4.2 Conforming Protocol

In our construction, we need a modification of the notion of conforming MPC protocol from [GS18]. Consider an MPC protocol \(\varPhi \) between parties \(P_1, \ldots , P_n\). For each \(i \in [n]\), we let \(x_i \in \{0,1\}^m\) denote the input of party \(P_i\). We consider any random coins used by a party to be part of its input (we can assume each party uses at most \(\lambda \) bits of randomness, and expands as necessary with a PRF). A conforming protocol \(\varPhi \) is defined by functions \(\mathsf {inpgen} \), \(\mathsf {gen} \), \(\mathsf {post} \), and computation steps or what we call actions \(\phi _1,\cdots \phi _T\). The protocol \(\varPhi \) proceeds in three stages: the input sharing stage, the computation stage, and the output stage. For those familiar with the notion of conforming protocol from [GS18, GIS18], we outline the differences here.

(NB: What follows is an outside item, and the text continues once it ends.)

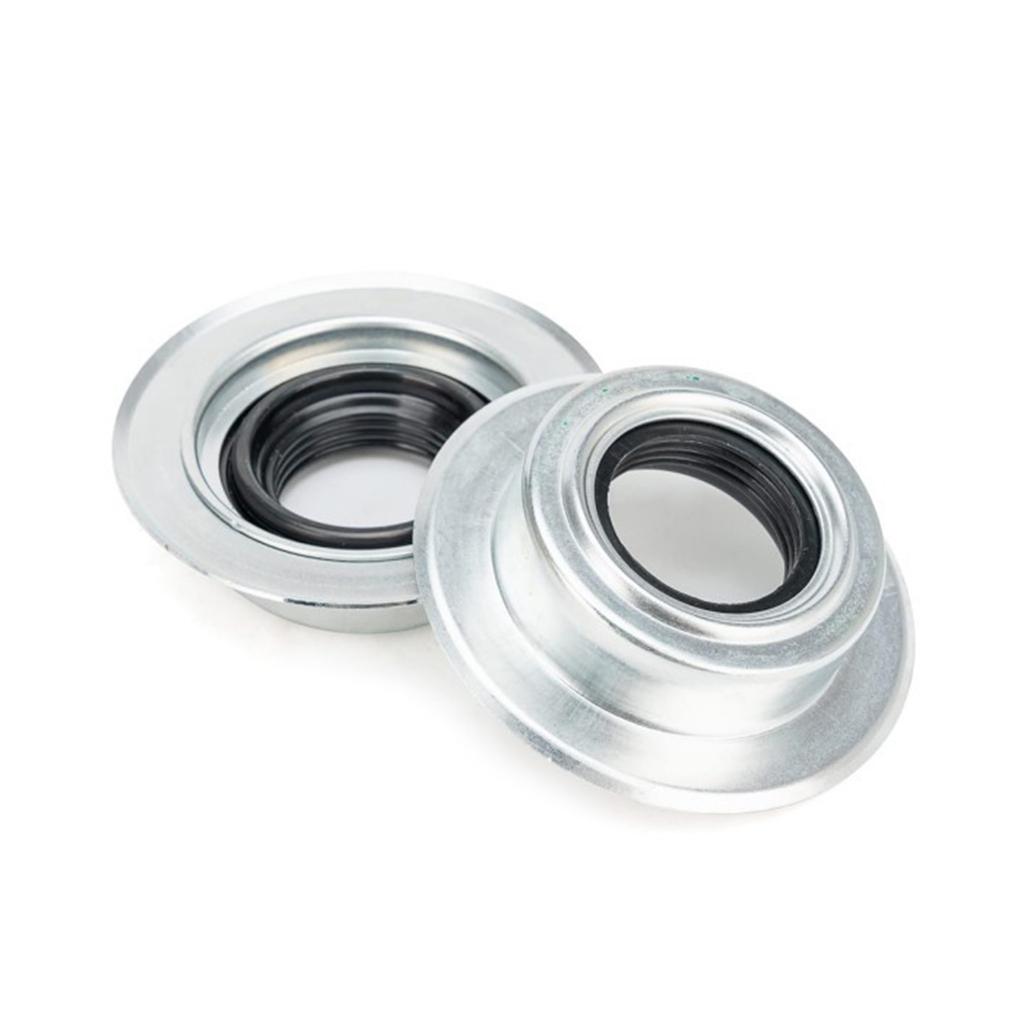 Модернизирует вакуумное уплотнение переднего моста, уплотнительные кольца ступицы и запасную часть пылезащитного уплотнения трубки, подходящую для 2005-209 годов выпуска.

  • We split their function \(\mathsf {pre}\) into \((\mathsf {inpgen},\mathsf {gen})\), where \(\mathsf {inpgen} \) is universal, in the sense that it only depends on the input length m (and in particular, not the function to be computed).

  • We explicitly maintain a single public global state \(\mathsf {st} \) that is updated one bit at a time. Each party’s private state is maintained implicitly via their random coins \(s_i\) chosen during the input sharing phase.

  • We require the transcript (which is fixed by the value of \(\mathsf {st} \) at the end of the protocol) to be publicly decodable.

Next, we give our description of a conforming protocol.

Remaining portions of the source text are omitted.